= Action item =
Copy task for the material below: print the line with "watch free The" and every line after it to the end, exactly as written, without the pictures.

= Record set =
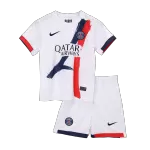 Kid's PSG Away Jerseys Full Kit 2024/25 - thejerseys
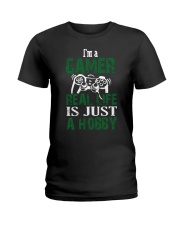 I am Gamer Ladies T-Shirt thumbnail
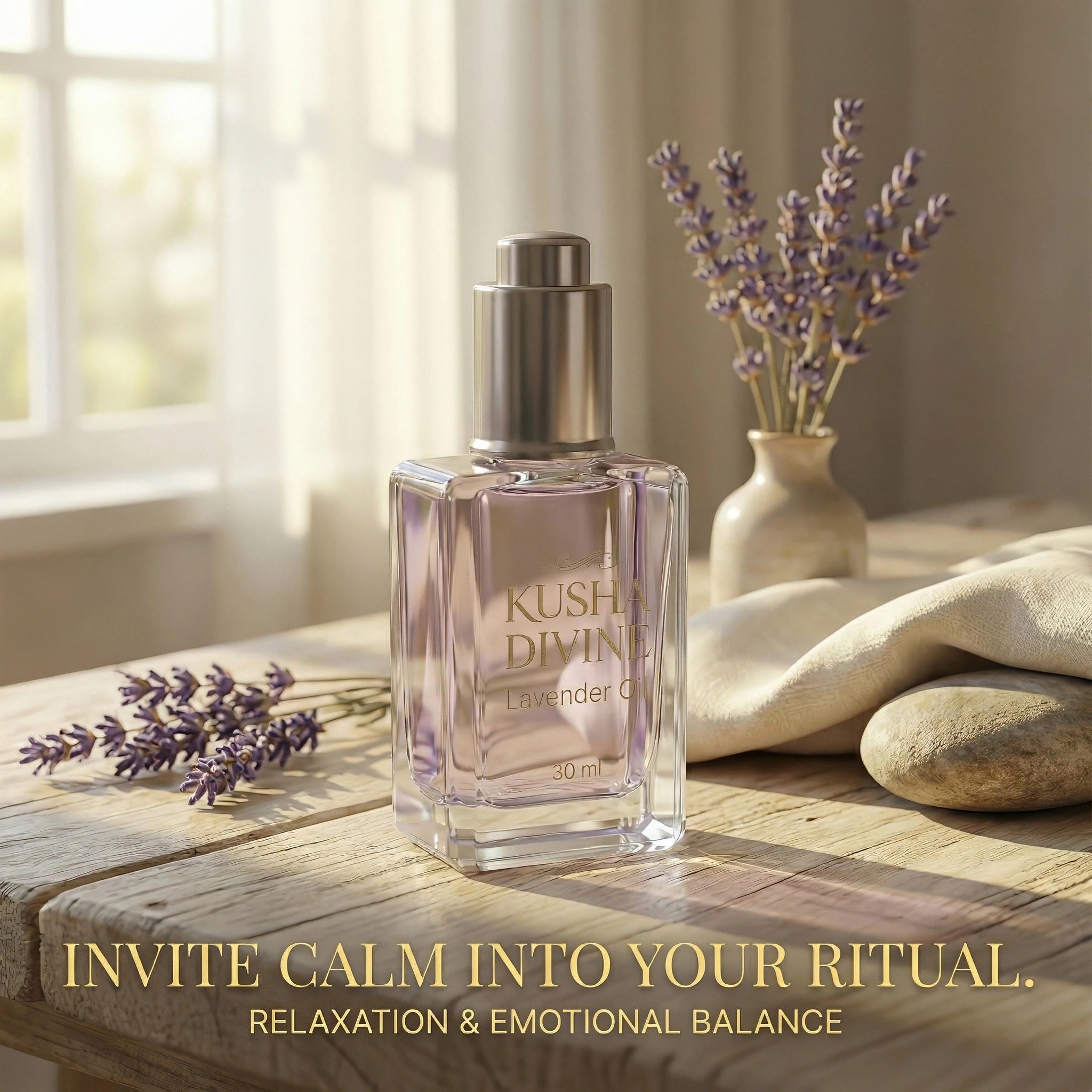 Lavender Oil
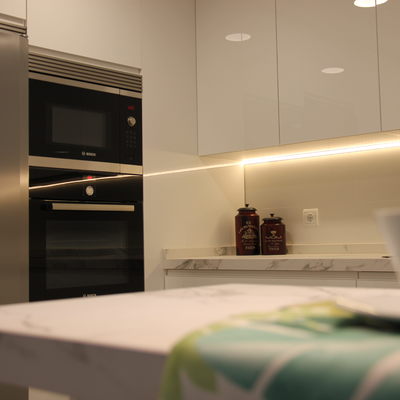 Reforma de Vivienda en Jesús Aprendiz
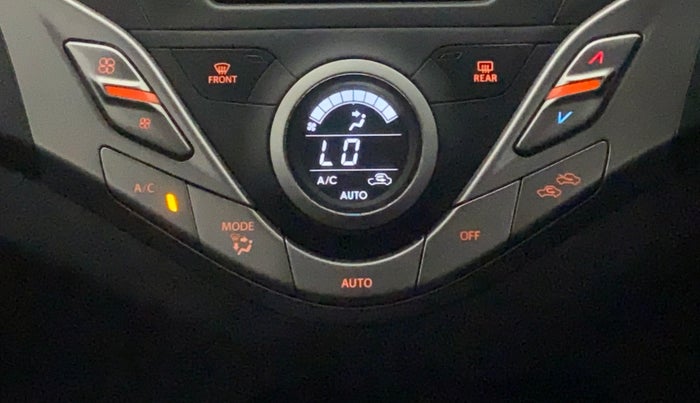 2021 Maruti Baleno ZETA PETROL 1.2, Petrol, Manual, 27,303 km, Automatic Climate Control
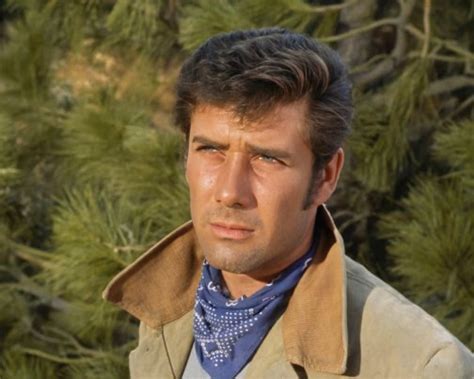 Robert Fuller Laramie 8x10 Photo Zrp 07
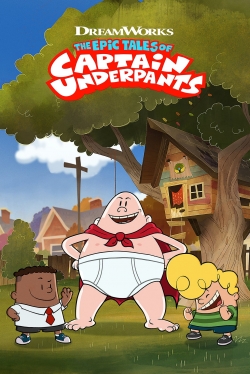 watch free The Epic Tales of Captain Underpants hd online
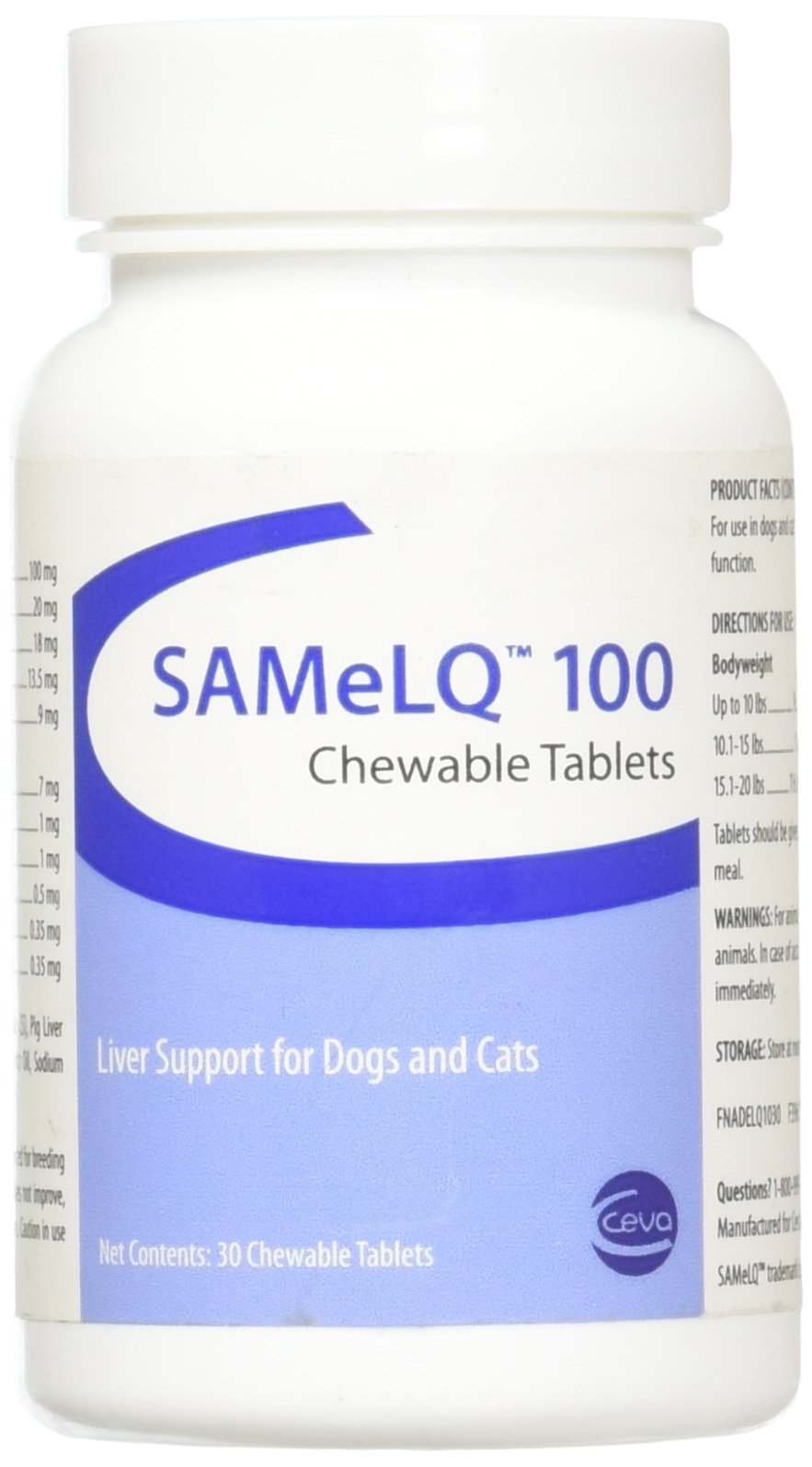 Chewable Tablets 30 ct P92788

= Answer to the exercise =
 watch free The Epic Tales of Captain Underpants hd online
 Chewable Tablets 30 ct P92788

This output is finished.